▸ Task brief: In the data below, the answer is the run of lines from the line containing "Lot de 2 fauteuils" through the line containing "Classic Brown Plaid", both included; print it exactly and nothing else.

Records from a data source

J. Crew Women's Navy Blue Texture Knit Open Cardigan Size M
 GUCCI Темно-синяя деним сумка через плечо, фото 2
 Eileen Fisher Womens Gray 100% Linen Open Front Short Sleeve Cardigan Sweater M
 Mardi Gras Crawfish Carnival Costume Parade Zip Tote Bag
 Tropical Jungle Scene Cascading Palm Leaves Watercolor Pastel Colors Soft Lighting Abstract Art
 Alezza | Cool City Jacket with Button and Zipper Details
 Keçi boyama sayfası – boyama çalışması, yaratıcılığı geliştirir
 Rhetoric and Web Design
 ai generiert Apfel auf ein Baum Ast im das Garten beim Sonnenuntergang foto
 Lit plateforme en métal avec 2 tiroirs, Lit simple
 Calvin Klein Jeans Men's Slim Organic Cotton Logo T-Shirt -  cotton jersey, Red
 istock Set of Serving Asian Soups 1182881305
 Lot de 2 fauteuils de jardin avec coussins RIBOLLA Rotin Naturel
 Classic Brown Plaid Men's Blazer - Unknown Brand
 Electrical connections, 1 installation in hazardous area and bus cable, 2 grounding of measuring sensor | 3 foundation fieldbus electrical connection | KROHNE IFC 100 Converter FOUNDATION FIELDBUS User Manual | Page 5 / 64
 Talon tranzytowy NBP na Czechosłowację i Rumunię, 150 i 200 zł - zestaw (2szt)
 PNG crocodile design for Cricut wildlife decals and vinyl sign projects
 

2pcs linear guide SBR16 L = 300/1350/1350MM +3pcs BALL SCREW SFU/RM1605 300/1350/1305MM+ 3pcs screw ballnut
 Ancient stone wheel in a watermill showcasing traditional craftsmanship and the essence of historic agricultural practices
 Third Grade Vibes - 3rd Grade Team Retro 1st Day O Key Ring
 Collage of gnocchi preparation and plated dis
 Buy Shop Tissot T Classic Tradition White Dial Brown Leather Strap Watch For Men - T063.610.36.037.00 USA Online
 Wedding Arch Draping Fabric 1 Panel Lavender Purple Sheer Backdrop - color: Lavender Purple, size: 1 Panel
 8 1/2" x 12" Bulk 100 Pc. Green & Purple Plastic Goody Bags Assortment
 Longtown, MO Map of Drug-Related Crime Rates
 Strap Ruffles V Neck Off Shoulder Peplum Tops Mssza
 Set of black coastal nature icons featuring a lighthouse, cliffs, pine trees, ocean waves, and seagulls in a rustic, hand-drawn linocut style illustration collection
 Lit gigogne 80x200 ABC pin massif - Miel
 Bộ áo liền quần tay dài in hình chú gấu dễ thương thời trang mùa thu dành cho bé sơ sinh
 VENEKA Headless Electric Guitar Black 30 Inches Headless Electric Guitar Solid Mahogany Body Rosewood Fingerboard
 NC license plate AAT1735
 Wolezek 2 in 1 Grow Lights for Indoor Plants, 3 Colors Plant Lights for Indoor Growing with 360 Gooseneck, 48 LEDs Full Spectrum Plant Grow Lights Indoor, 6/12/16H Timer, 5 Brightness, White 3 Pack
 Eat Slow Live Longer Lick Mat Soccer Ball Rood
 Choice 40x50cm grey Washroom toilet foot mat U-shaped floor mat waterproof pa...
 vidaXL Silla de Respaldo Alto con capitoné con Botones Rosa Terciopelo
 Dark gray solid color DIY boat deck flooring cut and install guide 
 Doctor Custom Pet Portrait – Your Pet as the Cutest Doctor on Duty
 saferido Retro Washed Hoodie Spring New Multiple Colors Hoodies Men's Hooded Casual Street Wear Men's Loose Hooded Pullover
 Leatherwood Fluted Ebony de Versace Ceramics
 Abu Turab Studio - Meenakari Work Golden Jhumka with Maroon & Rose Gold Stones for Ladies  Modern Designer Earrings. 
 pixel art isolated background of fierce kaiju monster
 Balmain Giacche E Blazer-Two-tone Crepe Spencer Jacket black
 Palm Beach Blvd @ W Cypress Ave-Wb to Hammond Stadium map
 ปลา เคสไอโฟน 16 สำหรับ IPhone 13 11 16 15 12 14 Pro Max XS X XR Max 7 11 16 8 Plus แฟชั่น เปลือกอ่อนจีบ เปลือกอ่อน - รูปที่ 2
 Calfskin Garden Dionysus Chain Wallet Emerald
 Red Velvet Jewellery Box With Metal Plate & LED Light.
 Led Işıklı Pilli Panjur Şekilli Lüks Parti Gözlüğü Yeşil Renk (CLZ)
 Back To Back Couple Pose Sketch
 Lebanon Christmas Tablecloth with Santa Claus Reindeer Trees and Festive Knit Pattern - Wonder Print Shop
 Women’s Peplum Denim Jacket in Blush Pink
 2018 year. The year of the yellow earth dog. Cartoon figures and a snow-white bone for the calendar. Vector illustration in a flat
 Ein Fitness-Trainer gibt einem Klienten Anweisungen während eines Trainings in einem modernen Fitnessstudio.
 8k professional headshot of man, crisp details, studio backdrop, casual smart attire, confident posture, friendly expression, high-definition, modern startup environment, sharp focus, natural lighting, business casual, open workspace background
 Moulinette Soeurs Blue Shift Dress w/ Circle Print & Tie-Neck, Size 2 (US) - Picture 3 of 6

▸ Exercise response:
 Lot de 2 fauteuils de jardin avec coussins RIBOLLA Rotin Naturel
 Classic Brown Plaid Men's Blazer - Unknown Brand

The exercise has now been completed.